Prospective application of DelCostello would cause inequitable results. Numerous state statutes of limitations would apply to essentially similar federal causes of action. Prospective application would extend the inconsistent results that DelCostello sought to remedy.


We hold that DelCostello applies to these cases. Our conclusion is buttressed by two recent decisions of this court. Both the panel decision in Hand after remand from the en banc court, see 712 F.2d 1350 (11th Cir.1983), and Benson v. General Motors Corp., 716 F.2d 862 (11th Cir.1983), applied DelCostello retroactively, although neither case specifically discussed the retroactivity issue. See also Ernst v. Indiana Bell Telephone Co., 717 F.2d 1036 (7th Cir.1983) (applying DelCostello retroactively with no discussion of retroactivity).
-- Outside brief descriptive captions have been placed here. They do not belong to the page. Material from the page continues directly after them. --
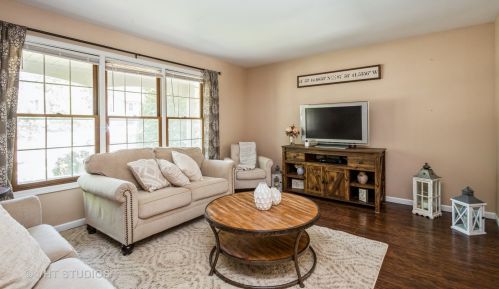 220 Freeport Dr, Hanover Park, IL 60108-1720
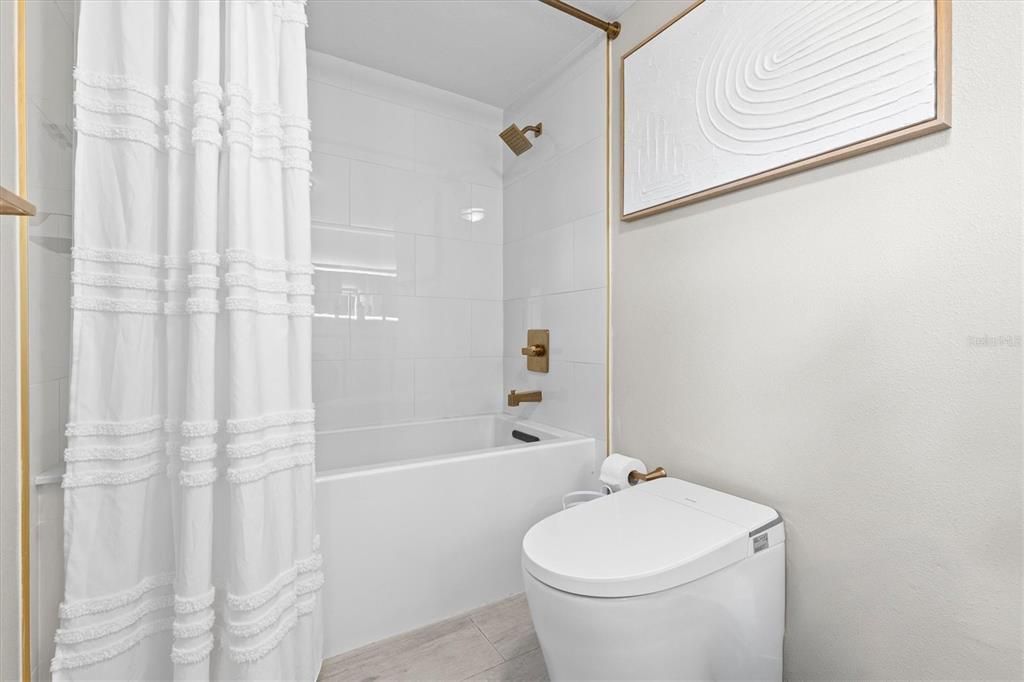 For Sale: $350,000 (3 beds, 2 baths, 1248 Square Feet)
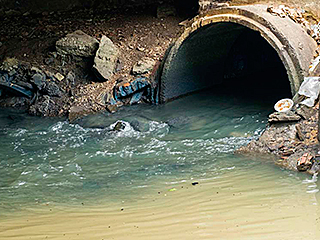 Morador será indenizado por danos após vazamento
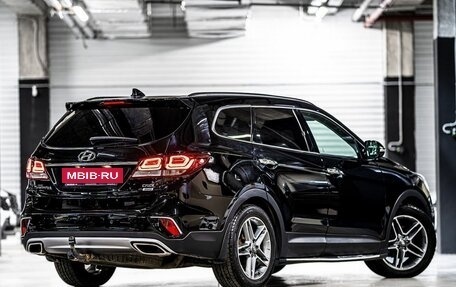 Hyundai Santa Fe III рестайлинг, 2018 год, 2 990 000 рублей, 3 фотография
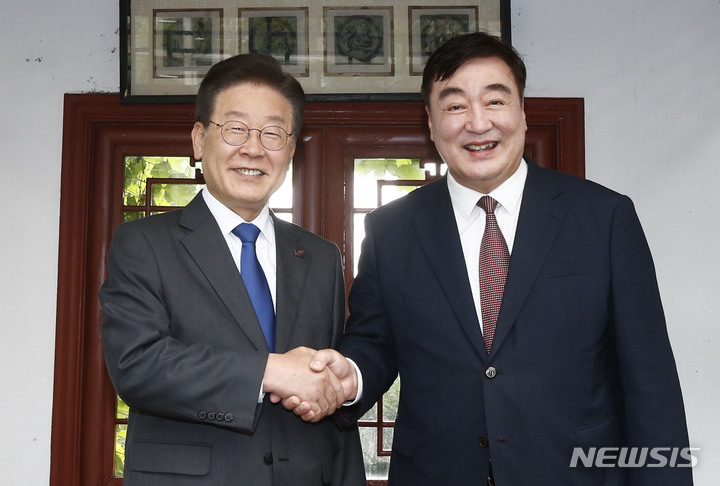 [서울=뉴시스] 국회사진기자단 = 더불어민주당 이재명 대표가 8일 오후 서울 성북구 중국대사관저를 방문해 싱하이밍 주한중국대사와 악수를 하고 있다. 이날 이 대표와 싱 대사는 일본 '후쿠시마 오염수 해양 방류' 저지를 위한 공동대책 마련 방안, 양국 간 경제협력 및 공공외교 강화 등에 대해 논의했다. 2023.06.08 photo@newsis.com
II. Disposition of these cases

A. No. 81-7810


Grievance filed March 1979 and returned unprocessed by employer approximately one month later. Union failed to indicate any determination by it on the grievance, which the district court found was a breach of duty of fair representation. Plaintiff sued March 1980, approximately 11 months after union breach. There is no merit to plaintiff's argument that a remand is necessary to establish when the right of action accrued. District court denied defendants' motion for summary judgment raising timeliness. Judgment for plaintiff REVERSED.

B. No. 82-3005


Union completed processing of the grievance and decided not to present it to an arbitrator in September 1980. Plaintiff sued August 1981. Action held time barred under Florida statute, 541 F.Supp. 621. Since six months had expired, AFFIRMED.

C. No. 82-5625


Grievance denied October 1979; suit filed May 1981. Summary judgment for defendants, 538 F.Supp. 725, AFFIRMED.

D. No. 82-5115


Grievance filed June 1980, union withdrew it, and plaintiff learned of withdrawal October 1980. Suit filed May 1981. Defendants' motion to dismiss denied and interlocutory appeal granted under 28 U.S.C. Sec. 1292(b). Order denying dismissal is REVERSED.

E. Nos. 82-5194, 82-5313, and 82-5589


Grievance denied May 1979, suit filed June 1980. Judgment for defendants AFFIRMED.

F. No. 82-8137


Dispute submitted to arbitration. Arbitor's award in favor of employer in May 1980. Suit filed April 1981. Count I asserted a hybrid breach of contract/breach of duty claim. Summary judgment granted for defendants on this count, and defendant union and defendants Slad, Meers, and Turner dismissed from Count II. Final judgment granted as to union, Meers, and Turner. Summary judgment for defendants AFFIRMED.